Information provided section start

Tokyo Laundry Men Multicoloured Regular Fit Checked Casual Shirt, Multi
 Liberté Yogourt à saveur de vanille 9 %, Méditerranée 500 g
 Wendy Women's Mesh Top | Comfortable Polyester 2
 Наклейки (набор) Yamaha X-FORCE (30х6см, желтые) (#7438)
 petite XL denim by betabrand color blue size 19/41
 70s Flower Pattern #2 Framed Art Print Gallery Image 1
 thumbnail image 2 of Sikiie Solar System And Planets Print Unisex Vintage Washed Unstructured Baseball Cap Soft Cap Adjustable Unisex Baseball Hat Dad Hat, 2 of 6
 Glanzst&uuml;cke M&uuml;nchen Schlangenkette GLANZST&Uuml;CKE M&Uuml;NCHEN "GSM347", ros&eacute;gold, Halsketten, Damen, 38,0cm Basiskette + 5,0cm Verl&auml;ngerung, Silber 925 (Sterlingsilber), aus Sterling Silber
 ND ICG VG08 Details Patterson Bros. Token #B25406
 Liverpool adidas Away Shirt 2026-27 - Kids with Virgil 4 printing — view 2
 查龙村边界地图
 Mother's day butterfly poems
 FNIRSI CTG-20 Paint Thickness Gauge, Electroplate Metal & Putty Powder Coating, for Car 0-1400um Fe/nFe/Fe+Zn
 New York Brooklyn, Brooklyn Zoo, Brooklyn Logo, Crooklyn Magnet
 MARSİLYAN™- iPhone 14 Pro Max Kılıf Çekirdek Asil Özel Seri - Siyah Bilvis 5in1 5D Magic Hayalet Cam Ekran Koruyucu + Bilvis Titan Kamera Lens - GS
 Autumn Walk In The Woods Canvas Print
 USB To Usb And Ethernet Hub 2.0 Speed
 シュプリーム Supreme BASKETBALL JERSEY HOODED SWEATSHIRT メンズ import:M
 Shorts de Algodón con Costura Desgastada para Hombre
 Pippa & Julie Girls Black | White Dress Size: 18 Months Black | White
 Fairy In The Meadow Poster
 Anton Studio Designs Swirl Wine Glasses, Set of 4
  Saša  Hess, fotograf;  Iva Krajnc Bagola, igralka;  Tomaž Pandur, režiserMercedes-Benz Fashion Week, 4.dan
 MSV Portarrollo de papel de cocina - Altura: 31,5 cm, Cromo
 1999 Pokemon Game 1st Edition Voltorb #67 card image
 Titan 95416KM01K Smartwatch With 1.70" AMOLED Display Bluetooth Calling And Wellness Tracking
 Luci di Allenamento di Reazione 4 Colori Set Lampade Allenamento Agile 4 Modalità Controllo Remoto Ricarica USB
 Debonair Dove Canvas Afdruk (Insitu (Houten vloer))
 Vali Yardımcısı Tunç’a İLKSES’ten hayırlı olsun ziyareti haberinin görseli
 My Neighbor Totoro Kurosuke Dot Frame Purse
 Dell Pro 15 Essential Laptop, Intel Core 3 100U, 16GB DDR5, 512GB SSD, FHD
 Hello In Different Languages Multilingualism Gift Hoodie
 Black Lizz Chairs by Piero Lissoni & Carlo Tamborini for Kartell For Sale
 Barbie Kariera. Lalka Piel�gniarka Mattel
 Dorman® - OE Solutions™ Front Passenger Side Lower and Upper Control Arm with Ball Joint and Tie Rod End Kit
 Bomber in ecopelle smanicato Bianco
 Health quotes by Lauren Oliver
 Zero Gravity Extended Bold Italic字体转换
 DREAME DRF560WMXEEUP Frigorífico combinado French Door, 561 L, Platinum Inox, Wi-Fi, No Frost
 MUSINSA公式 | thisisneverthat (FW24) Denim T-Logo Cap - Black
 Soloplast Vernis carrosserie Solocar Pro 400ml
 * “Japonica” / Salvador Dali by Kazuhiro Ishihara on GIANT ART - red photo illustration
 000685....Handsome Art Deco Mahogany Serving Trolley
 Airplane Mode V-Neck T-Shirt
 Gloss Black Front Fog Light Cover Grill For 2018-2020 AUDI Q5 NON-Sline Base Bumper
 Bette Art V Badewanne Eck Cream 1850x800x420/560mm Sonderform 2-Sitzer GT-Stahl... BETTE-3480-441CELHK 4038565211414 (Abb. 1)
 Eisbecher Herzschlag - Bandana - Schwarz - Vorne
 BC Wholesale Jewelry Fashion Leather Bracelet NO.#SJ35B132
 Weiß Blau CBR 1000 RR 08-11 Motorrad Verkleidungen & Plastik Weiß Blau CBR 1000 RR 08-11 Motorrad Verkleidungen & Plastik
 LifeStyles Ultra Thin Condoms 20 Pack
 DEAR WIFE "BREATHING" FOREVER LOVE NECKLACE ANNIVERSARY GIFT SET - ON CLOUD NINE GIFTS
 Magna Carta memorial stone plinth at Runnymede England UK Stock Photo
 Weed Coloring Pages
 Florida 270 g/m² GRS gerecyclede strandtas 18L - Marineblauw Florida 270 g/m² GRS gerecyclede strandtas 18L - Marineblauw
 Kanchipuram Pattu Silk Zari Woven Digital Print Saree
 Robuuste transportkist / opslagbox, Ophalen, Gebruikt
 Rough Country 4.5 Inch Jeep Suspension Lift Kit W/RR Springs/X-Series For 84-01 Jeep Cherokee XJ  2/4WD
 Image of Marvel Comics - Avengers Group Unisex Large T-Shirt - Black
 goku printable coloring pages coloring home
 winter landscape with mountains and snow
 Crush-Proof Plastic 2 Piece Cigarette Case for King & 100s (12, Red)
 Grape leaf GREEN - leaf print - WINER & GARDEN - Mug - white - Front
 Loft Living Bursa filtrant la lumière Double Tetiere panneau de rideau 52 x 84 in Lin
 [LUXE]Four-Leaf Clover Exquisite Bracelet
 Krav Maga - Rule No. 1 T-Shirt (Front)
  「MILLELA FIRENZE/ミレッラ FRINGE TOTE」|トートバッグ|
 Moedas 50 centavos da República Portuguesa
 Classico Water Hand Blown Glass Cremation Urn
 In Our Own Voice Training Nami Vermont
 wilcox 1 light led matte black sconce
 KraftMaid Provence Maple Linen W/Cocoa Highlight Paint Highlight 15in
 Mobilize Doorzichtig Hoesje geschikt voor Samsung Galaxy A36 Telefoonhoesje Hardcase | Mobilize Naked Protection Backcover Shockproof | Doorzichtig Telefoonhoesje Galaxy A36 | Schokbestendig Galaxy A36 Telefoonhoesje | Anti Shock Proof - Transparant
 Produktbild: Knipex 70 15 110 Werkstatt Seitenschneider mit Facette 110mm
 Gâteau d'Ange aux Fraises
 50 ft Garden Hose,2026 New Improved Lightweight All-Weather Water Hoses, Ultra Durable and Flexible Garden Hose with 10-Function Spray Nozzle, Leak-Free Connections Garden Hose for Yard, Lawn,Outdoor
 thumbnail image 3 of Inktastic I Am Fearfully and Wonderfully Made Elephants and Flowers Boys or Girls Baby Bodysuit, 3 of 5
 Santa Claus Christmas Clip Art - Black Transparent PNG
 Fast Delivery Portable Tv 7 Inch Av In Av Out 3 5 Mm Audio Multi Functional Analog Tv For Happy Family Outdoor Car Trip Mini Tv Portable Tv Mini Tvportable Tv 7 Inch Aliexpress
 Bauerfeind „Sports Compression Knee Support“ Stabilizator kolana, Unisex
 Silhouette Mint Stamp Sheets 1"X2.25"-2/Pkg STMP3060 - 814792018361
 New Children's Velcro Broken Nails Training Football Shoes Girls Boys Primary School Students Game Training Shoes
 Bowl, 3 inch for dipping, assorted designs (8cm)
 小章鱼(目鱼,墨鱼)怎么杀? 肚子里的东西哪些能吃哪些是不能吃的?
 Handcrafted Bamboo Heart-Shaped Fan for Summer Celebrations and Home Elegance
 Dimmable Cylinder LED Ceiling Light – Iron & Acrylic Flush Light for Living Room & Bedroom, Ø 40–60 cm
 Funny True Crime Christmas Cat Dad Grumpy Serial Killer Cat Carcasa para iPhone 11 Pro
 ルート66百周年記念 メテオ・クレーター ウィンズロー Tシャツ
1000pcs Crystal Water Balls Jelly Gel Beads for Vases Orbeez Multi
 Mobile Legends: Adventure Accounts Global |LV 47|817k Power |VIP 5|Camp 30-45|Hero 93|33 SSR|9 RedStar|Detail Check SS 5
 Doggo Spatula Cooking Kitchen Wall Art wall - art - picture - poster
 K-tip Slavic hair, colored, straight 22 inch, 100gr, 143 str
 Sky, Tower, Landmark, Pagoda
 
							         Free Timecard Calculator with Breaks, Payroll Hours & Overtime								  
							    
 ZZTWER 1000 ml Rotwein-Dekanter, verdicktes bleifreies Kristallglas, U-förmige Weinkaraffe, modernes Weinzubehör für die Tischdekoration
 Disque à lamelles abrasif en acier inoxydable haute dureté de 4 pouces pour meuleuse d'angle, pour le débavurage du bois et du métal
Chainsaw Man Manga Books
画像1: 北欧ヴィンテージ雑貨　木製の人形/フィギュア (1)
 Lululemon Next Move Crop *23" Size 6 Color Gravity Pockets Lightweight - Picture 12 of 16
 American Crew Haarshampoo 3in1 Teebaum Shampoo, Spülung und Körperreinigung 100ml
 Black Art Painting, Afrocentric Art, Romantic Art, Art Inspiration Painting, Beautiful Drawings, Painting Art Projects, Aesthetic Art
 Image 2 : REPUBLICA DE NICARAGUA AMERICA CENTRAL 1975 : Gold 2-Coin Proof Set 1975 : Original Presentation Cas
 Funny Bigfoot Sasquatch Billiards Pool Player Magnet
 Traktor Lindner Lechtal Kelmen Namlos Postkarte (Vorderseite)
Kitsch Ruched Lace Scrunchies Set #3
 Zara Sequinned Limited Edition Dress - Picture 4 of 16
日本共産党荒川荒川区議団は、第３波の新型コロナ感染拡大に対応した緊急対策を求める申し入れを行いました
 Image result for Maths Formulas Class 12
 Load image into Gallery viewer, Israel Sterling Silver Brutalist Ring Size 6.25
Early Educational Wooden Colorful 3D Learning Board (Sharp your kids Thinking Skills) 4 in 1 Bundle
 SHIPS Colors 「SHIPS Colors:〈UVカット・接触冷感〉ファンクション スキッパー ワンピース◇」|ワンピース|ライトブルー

Information provided section end

* What the exercise asks: From the data above, output exactly the lines between the one containing "000685....Handsome Art Deco" and the one containing "LifeStyles Ultra Thin Condoms 20 Pack", counting both of them.

* Solution for this problem:
 000685....Handsome Art Deco Mahogany Serving Trolley
 Airplane Mode V-Neck T-Shirt
 Gloss Black Front Fog Light Cover Grill For 2018-2020 AUDI Q5 NON-Sline Base Bumper
 Bette Art V Badewanne Eck Cream 1850x800x420/560mm Sonderform 2-Sitzer GT-Stahl... BETTE-3480-441CELHK 4038565211414 (Abb. 1)
 Eisbecher Herzschlag - Bandana - Schwarz - Vorne
 BC Wholesale Jewelry Fashion Leather Bracelet NO.#SJ35B132
 Weiß Blau CBR 1000 RR 08-11 Motorrad Verkleidungen & Plastik Weiß Blau CBR 1000 RR 08-11 Motorrad Verkleidungen & Plastik
 LifeStyles Ultra Thin Condoms 20 Pack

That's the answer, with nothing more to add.